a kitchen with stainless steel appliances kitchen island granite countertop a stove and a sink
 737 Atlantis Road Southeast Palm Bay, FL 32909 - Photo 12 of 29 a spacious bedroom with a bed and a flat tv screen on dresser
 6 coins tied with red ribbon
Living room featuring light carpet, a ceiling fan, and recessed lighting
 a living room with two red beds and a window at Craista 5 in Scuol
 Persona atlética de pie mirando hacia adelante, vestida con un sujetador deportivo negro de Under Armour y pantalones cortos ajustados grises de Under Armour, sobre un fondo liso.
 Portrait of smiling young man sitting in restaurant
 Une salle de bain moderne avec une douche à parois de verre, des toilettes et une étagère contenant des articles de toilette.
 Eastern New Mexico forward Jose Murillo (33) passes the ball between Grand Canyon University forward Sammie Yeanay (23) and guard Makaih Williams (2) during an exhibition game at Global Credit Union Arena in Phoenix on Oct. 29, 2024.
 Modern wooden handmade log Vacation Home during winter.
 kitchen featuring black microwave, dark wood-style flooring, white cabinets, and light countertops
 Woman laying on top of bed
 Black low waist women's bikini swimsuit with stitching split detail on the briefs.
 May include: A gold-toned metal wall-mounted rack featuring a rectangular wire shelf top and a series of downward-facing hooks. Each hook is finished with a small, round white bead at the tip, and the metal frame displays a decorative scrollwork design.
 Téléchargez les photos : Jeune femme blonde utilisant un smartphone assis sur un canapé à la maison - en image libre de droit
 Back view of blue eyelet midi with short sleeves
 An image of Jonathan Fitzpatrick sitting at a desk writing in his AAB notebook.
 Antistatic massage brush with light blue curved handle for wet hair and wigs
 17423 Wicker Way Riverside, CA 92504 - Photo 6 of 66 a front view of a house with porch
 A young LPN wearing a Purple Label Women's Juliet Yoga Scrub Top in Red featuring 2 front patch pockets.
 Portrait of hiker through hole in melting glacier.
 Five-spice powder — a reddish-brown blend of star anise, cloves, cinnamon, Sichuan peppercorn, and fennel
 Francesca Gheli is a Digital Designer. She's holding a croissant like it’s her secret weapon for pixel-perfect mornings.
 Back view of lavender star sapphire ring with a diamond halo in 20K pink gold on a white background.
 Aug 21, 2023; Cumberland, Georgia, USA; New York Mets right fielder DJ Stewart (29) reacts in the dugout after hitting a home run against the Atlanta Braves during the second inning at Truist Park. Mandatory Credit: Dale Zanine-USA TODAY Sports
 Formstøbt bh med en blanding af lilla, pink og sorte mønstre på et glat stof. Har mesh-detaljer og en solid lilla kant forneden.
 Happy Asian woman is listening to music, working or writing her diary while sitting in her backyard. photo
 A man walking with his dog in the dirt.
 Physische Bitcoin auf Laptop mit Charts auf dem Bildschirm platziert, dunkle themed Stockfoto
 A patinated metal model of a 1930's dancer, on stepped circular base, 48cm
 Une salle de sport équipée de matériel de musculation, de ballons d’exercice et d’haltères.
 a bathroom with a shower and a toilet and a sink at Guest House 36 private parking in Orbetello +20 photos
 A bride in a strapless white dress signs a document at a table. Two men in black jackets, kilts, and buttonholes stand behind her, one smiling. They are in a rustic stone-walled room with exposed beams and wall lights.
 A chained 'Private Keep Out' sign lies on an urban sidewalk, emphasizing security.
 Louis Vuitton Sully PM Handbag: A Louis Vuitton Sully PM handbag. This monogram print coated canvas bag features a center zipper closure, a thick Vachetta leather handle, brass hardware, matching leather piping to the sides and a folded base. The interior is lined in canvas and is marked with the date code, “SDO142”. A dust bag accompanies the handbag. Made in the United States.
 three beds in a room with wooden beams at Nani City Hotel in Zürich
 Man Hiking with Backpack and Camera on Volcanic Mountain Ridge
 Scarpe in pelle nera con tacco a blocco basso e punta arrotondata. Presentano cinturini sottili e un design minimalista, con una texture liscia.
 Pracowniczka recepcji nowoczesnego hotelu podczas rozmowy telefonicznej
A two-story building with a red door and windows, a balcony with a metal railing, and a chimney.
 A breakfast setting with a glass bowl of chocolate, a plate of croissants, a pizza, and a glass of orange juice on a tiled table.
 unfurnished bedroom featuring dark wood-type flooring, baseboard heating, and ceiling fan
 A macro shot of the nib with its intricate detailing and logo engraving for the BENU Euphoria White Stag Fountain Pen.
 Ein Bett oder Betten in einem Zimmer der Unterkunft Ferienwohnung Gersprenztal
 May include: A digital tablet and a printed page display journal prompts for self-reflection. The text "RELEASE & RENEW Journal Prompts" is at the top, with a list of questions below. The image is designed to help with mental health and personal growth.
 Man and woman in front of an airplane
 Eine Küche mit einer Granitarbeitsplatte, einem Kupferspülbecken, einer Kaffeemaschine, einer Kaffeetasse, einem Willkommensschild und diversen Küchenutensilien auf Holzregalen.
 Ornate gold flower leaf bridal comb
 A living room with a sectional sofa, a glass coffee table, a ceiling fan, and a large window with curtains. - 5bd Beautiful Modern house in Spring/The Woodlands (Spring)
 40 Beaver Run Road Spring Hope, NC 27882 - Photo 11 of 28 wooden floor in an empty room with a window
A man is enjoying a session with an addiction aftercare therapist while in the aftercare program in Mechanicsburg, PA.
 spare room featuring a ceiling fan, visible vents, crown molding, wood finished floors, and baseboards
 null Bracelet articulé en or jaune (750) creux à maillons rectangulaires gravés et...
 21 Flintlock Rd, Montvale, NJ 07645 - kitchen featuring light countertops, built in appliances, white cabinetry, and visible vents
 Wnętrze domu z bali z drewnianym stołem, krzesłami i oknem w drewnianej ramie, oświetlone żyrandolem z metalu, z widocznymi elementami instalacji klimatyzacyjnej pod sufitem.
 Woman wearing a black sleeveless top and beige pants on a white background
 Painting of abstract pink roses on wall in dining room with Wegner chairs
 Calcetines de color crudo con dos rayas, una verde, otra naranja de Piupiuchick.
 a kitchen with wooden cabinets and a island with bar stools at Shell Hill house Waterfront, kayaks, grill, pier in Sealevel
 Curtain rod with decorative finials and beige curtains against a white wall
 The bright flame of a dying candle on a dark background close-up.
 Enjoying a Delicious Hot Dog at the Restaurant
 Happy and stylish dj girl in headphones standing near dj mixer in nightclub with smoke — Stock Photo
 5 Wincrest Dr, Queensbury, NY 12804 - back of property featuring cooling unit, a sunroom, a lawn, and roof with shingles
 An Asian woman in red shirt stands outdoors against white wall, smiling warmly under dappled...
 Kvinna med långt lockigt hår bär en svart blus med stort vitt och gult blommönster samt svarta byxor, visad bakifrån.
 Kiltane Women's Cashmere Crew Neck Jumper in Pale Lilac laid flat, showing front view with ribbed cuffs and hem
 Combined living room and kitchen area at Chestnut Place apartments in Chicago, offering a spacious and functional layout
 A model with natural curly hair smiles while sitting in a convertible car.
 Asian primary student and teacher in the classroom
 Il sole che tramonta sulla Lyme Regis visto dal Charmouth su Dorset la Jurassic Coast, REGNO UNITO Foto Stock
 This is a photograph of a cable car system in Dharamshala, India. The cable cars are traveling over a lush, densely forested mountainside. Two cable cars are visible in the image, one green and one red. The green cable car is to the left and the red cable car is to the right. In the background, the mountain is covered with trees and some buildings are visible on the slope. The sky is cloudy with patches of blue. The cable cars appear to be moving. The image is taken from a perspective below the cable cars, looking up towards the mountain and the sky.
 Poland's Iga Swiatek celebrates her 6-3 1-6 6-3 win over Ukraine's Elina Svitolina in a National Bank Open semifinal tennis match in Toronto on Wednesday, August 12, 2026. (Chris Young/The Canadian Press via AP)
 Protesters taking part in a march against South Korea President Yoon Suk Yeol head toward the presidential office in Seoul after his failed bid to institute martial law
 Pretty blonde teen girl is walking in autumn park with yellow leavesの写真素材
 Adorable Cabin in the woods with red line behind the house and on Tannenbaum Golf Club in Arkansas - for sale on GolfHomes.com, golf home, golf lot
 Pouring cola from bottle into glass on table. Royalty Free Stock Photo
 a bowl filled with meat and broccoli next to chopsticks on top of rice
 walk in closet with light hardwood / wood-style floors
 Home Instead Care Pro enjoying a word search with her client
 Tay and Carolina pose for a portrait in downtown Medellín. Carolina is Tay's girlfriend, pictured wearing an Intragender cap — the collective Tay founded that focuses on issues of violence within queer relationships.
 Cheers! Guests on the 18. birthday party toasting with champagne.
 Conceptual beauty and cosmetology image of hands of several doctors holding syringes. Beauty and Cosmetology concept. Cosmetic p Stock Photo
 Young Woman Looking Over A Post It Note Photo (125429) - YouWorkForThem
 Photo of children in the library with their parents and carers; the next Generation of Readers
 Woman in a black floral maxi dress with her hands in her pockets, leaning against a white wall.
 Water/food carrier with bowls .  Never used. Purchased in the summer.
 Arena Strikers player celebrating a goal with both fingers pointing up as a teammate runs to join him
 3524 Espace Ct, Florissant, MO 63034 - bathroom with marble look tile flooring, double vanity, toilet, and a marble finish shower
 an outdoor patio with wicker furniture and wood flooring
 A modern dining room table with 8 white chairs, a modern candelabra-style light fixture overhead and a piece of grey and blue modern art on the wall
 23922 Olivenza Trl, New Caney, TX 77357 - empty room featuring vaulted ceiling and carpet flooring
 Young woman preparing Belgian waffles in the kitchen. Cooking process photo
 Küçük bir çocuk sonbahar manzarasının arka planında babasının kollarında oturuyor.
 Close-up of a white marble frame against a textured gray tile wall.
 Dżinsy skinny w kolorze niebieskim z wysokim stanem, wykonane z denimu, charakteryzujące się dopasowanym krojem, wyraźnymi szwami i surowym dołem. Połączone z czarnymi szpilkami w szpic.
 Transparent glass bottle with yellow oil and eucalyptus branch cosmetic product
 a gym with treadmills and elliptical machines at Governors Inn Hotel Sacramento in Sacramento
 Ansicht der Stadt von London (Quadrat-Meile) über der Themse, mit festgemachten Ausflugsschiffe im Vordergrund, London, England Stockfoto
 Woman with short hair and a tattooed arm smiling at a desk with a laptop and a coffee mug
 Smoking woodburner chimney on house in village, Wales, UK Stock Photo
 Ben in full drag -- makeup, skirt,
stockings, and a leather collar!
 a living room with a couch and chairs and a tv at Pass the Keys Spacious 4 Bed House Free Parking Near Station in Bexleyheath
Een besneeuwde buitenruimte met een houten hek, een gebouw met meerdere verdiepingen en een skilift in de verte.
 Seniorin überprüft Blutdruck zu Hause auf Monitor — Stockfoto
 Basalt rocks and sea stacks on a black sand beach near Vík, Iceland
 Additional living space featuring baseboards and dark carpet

> [To do] Only lines with the word "short" are needed. Copy them from the preceding records.

> [Problem solution]
 Back view of blue eyelet midi with short sleeves
 Woman with short hair and a tattooed arm smiling at a desk with a laptop and a coffee mug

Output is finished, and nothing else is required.